The New Republic too generously describes this as ''misplaced egalitarianism.'' Egalitarianism, which is bad enough, assumes that America is just one member of the extended ''family of nations.'' That metaphor is pernicious because all family members are roughly equal as moral agents; all nations are not. The New Republic comes closer to the truth when it says the Clinton administration seems ''uncomfortable, or embarrassed, or guilty'' about America's specialness.

This administration is packed with people who remember Vietnam primarily as a reason for self-flattery. They believe their moral sensibilities were ratified for all time by their opposition to the war. And they regard Vietnam not as policy mistake but as a moral disgrace, one that proves that America is prone to imperialism, militarism, racism, paranoia, evangelism, etc.

During the Sixties many critics of U.S. interventionism turned traditional isolationism inside out. Instead of arguing, as earlier isolationists had, that America should stay home because it is too good for the world, these critics argued that America should come home because the world is too good for America.

What has provoked The New Republic's angry editorial is U.S. acquiescence in surrender of NATO control over warplanes. The administration has agreed that any first use of NATO planes in the Balkan theater must be authorized by the U.N. secretary general.

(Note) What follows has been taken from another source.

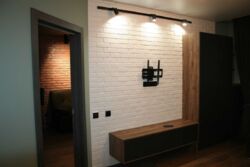  !    LOFT   'VICTORY V'  9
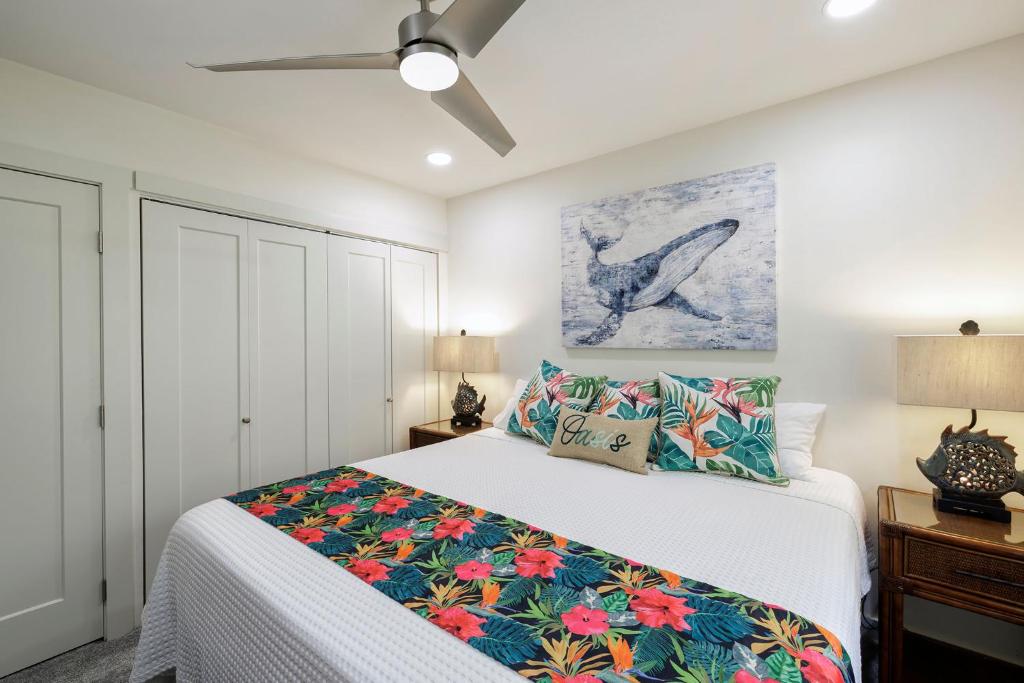 Postel nebo postele na pokoji v ubytování Kihei Kai Oceanfront Condos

For years -- years of Republican presidencies -- the Democratic Congress insisted it had a constitutional duty to participate in forming foreign policy, especially where military force was used. Now the Democratic Party has produced an administration in which, The New Republic says tartly, multilateralism is a form of multiculturalism: America is nothing special, just another nation, and it should act only in concert with coalitions. The magazine compares this disparagingly with George Bush's unapologetically U.S.-led multilateralism in the Gulf War.

To people with a Sixties sensibility, multilateralism is a way of making America safe for the world by entangling America in inhibiting partnerships. These multilateralists know that when America is so entangled, there will be little said about anything as vulgar as America's national interests.

For some Americans the special virtue of the Somalia intervention is the utter absence of any connection with a vital U.S. interest. A senior military official says, ''This is really a typical post-Cold War security problem.'' Actually, the problem is defining how Somalia impinges on U.S. security.

American politics often is a game of ''capture-the-flag.'' No party prospers unless it is comfortable with the peculiarly American patriotism, which involves American sense of exceptionalism -- exceptional virtues and duties. Since America stepped upon the world stage in the 1890s, this nationalism has prompted various kinds of interventions, and occasionally some overreaching, as today in Somalia.

Americans will support or forgive much that is done in the name of this nationalism. They will not forgive subordinating U.S. policy to people who pledge allegiance to the United Nations' pale blue flag.

George F. Will is a syndicated columnist.